There is a pounding on Jane’s door.

“Hurry, you sluggard!” says Peripatetica’s voice. “Come out and see what a delicious place this is!” and she enters radiant. “There’s no mistake about spring this time; everything is riotous with it—and it’s real country. Not mere theatrical scenery like Taormina, nor mere bones and stones like Syracuse, but real dear Arcadian country, with trees, actually trees! and there are great golden temples rising out of the trees, with the sea and the hills behind, and nothing but sweet peaceful meadows and orchards all around us—I want to stay here forever.”

When Jane too stood upon the hotel terrace drinking in all the fairness of the outlook which Peripatetica silently but proudly displayed, in the proprietorship of earlier rising, she was quite ready to echo the wish. Billowy orchards of almonds in tenderest leafage, hoary groves of olives, the silver and white of wind-stirred bean-fields in blossom, vivid emerald of young wheat, crimson meadows of lupine rolling down to a peacock sea glittering to a wide horizon.

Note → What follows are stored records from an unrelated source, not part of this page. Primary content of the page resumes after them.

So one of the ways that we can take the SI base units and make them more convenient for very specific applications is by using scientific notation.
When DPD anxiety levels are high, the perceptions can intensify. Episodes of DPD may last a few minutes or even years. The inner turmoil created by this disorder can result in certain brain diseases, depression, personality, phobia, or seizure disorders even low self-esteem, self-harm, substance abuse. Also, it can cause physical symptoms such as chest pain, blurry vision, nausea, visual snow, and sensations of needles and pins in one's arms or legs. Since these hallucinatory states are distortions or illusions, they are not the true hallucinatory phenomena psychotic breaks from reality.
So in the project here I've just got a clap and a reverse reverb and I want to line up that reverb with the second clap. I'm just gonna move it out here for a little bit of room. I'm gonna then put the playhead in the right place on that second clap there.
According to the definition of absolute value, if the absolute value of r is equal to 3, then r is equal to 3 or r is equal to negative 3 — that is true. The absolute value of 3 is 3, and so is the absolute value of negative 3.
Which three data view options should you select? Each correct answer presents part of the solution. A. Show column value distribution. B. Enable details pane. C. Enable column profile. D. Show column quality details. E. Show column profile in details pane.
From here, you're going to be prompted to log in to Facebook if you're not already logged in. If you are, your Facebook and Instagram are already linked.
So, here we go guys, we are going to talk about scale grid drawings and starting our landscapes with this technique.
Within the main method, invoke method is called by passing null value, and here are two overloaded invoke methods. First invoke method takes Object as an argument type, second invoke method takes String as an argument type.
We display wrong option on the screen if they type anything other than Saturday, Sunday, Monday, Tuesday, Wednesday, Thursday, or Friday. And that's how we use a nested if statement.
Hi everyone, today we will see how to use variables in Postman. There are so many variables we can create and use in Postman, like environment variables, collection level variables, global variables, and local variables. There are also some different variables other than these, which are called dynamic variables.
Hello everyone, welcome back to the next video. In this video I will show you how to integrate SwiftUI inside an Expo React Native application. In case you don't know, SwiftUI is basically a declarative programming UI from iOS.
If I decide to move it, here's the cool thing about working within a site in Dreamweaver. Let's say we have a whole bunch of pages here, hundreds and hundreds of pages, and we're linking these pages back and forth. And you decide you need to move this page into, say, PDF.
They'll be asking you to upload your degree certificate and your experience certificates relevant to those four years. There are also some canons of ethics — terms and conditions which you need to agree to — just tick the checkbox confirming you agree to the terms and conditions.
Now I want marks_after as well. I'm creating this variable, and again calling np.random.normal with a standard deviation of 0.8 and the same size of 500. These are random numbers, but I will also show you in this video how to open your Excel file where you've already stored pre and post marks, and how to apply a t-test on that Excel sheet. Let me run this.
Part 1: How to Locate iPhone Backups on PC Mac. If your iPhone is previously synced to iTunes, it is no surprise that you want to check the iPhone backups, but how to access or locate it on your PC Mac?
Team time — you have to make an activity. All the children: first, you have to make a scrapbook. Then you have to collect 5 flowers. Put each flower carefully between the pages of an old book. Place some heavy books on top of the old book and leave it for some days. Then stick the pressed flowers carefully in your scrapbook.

Soft mountains, not too high; old stone pines black against the azure sky; brown walls of convents, and bell towers emerging from the dark green of oranges and pines; and rising out of all this Arcadian sweetness of meadow and grove the tawny columns of the Temples.

“Oh, let’s get to them at once!” cried Jane, and guideless and impatient they went, as the bird flies, straight across the intervening country, towards those beckoning golden pillars. Plunging down the hillside in front, garden-orchard, ploughed field, dusty highroad—all were merely a road between them and those temples of Lost Gods still rising unsubmerged above the tree tops. Little boys digging in the fields shyly offered them fossil shells and the bits of pottery their shovels had turned up, old women at garden gates called invitations to come in and pick oranges or inspect the ruins of “Casa Greco’s,” but they held straight on through olive groves seemingly old as the temples themselves, through velvety young wheat and flowery meadows. The distance was greater than had appeared from above. Sometimes the gleam of columns through the green beckoned illusively to impossible short cuts, as when a tempting grass path seemed to run straight to the feet of the nearest temple and instead led into a farmyard inhabited by fiercely barking dogs. A noise that called out the farm people to explain as politely as if these were the first strangers who had ever made the intrusive mistake, that an impassable wall made it impossible to reach the Temples through their property, and to detail a wee, starry-eyed bronze faun in tattered blue rags to put them upon the correct but roundabout road.

In the glowing sun of the spring morning—the old world renewing itself in blooming freshness all about—songs of birds and petals of fruit-blossoms in the air, against the shimmering blue of sky and sea and the new green of the earth’s breast, was upreared the saffron mass of Concordia—shrine of a Peace twenty centuries old.

It looked its name, did Concord, standing with all its amber columns worn but perfect, in unbroken accord, still upholding architrave and tympanum.